Georg Hager's Blog

Random thoughts on High Performance Computing


Fooling the masses – Stunt 6: Ignore affinity and topology issues!

AMD Epyc 7451 node

Fig. 1: A dual-socket AMD Epyc 7451 node with four “Zeppelin” dies per socket (eight ccNUMA domains per node). Each 8 MiB L3 cache is shared by three cores, i.e., half the die.

(See the prelude for some general information on what this is all about)

Real scientists are not bothered by details such as multicore, cache groups, ccNUMA, SMT, or network hierarchies. Those are just parts of a vicious plot to take the fun out of computing. Ignoring the associated issues like bandwidth bottlenecks, NUMA locality and contention penalties, file system buffer cache, synchronization overheads, etc., will make them go away.

If you present performance data and people ask specific questions about affinity and topology awareness, answer that it’s the OS’s or the compiler’s job, or the job of some auto-tuning framework, to care about those technicalities. Probably you can show off by proving that your code scales even though you run it without topology awareness; this can be easily achieved by applying Stunt 2 – just slow down code execution enough to make all overheads vanish.

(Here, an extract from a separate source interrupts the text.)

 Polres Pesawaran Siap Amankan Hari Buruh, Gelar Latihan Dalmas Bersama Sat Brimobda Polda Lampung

If you run into problems like mysterious performance fluctuations, or performance being too low altogether (a direct but often ignored consequence of applying Stunt 2), blame the system administrators. Being lowly minions of top-achieving scientists like you, they will have the time to figure out what’s wrong with their hardware. If they tell you it’s all your fault, send a scathing e-mail to their boss and cc: your university president or company CTO, just for good measure. Finally, if all else fails, publish a paper at a high-profile conference stating that the hardware of manufacturer X shows horrible performance, especially together with compiler Y and library Z, and that the cluster you had access to was too small to get the results that you wanted in time. That’s why you are about to write a generous research proposal for a federal supercomputing facility. Anything less just won’t cut the mustard!

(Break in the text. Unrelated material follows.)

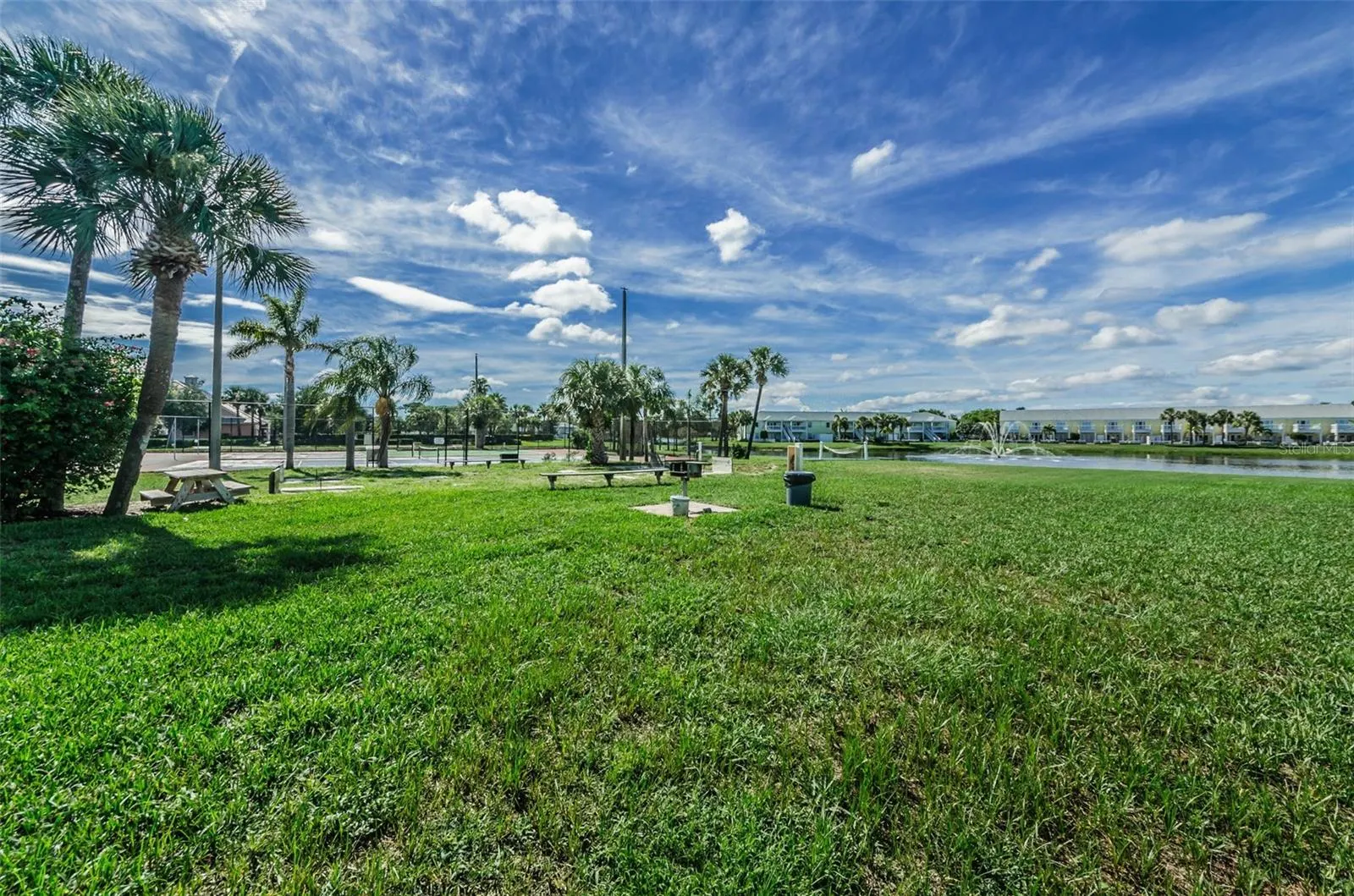 5196 BEACH DR SE #B, #B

Fooling the masses – Stunt 5: Instead of performance, plot absolute runtime versus CPU count!

(See the prelude for some general information about what this is all about)

Runtime versus CPU count

Fig. 1: If you plot the program’s runtime versus CPU count at strong scaling, nobody will be able to tell whether scalability is good or bad at the larger CPU counts.

Apart from using a logarithmic scale (see Stunt 3), deficiencies in scalability can also be hidden effectively by plotting absolute runtime. This works for strong scaling only, since weak scaling shows constant or increasing runtime when the number of CPUs goes up.

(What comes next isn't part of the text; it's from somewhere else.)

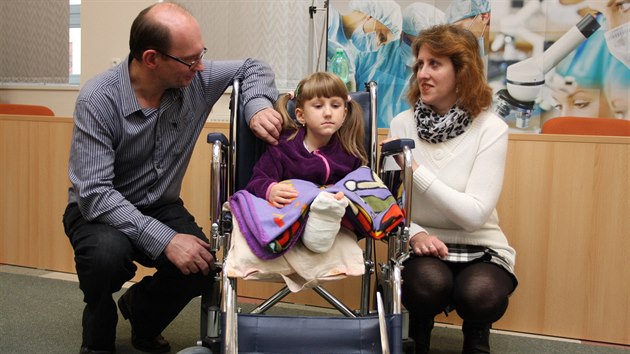 Sedmilet Veronika Hamblkov trp extrmn lomivost kost. Po tech operacch v perovsk nemocnici se ale bl sen jej i rodi - aby se mohla postavit na nohy a chodit.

Of course you should start at a very low number of CPUs (and not use log scale this time, or you’ll be caught immediately). Then, runtimes at large CPU counts will be compressed to a small ordinate range, and nobody will be able to tell the difference between a 1.5 or a 2.0 speedup — just as you need it (see Fig. 1). The casual observer is always stunned by the strong decrease in runtime, without noticing its insignificance. Even if the curve starts turning upward at some critical CPU count, you can often get away with the statement that your code scales up to this point, even though parallel efficiency has gone down the drain much sooner.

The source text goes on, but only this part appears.